La crise financière a fait peser en quelques mois sur le monde la menace d’une pauvreté généralisée qu’on nomme récession.

Face à cette menace, le monde des gouvernants vient de réagir comme il ne l’avait jamais fait. Dit  autrement, des millions de personnes menacées par la perte de leurs sécurités, sans même descendre dans la rue, ont poussé les 20 pays les plus riches de la planète à décréter dans un temps record des mesures et à débloquer les fonds pour les mettre en œuvre.

Car on a reconnu que la perte de ses biens, la perte de son activité, la perte de ses sécurités, en un mot, la menace de la chute dans la pauvreté était le mal absolu à prévenir.

On a refusé mondialement la pauvreté et l’on vient de montrer que la lutte contre la pauvreté est possible… Mais pour qui? Au nom de qui ? Nous venons surtout d’apprendre « qui » a du prix pour être sauvé de la pauvreté.

On sauve les banques, mais on ne sauve pas les petits producteurs agricoles qui sont la vraie sécurité alimentaire quotidienne de trois milliards d’individus ?

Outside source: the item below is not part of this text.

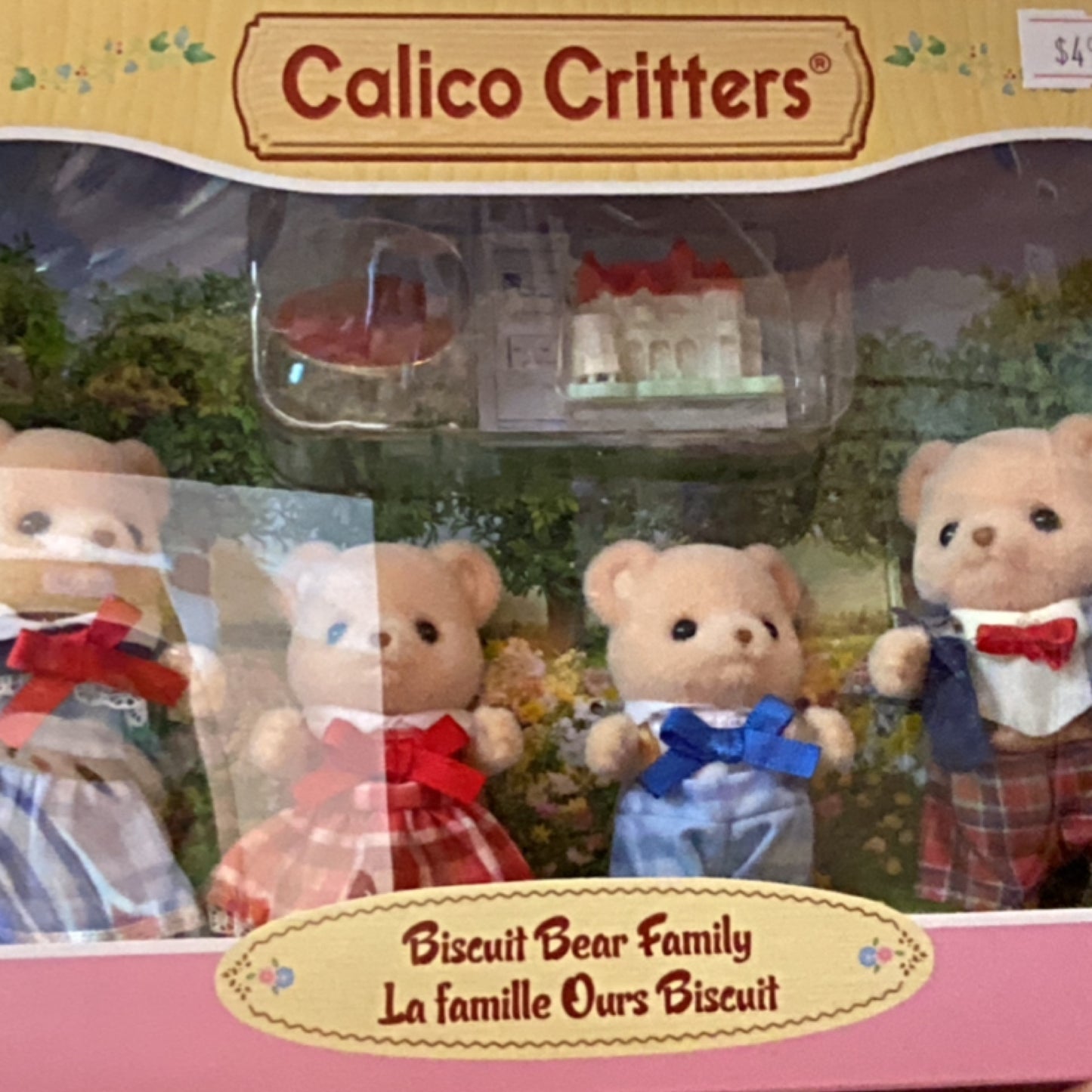 Biscuit Bear Family Calico Critters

Le modèle d’hier qui jetait des millions de personnes dans la pauvreté pour s’enrichir en a déjà jeté et va  encore en jeter des millions de plus en un temps record pour se sauver. Imposture !

La crise alimentaire de l’année dernière qui a touché les plus pauvres avait été le déclencheur. La presse nous dit ces jours-ci que des millions d’hectares de terres seront cédés à des multinationales pour la sécurité alimentaire.

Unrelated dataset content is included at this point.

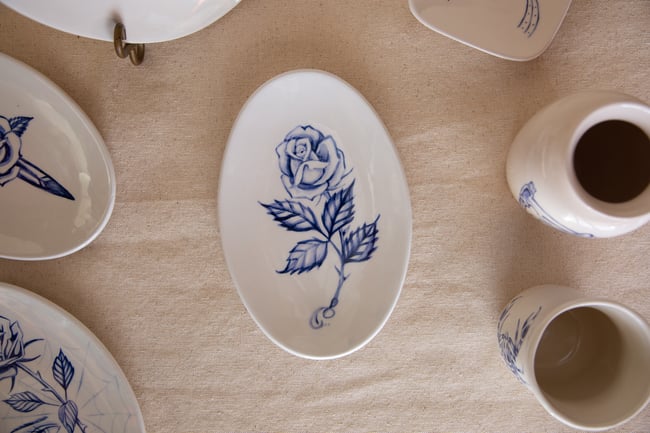 Rose Plate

La sécurité alimentaire de qui ? On sauve les banques, mais on ne sauve pas les petits producteurs agricoles qui sont la vraie sécurité alimentaire quotidienne de trois milliards d’individus ?

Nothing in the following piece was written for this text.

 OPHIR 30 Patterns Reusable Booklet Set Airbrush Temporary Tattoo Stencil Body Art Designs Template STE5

On nous dit que cette crise est hors de portée de notre action de citoyens, que nous la subissons tous de toute façon.

Dans le dernier conseil municipal de la ville où j’habite, la majorité municipale a fustigé les responsables mondiaux mais a aussi voté un budget très conséquent pour rénover la maison des associations sans qu’une nouvelle politique de solidarité soit évoquée. C’est cela la réponse à la situation ? Pourquoi cet aveuglement ?

J’ai une réponse : c’est parce que les citoyens de la classe moyenne ne se sentent déjà plus menacés, même s’ils subiront un recul de « pouvoir d’achat » et cela les rassure presque un peu, dédouanés du même coup de faire plus.

Pour ceux parmi nous qui ne subissons pas un nouveau coup vital avec cette crise, avons-nous conscience que nous venons d’être sauvés de la pauvreté ? Avons-nous conscience de la dette que nous avons contractée envers ceux qui paient et subissent pour nous ? Nous entrons dans une nouvelle ère du refus. Au fait, Atd Quart Monde a lancé un appel à signer pour faire front au côté des plus pauvres.

Pour parler vrai sur la crise, allons le faire signer et inventons de nouvelles solidarités, de nouveaux gestes. Le monde n’est pas à sauver comme on nous le propose, il est à réinventer ensemble.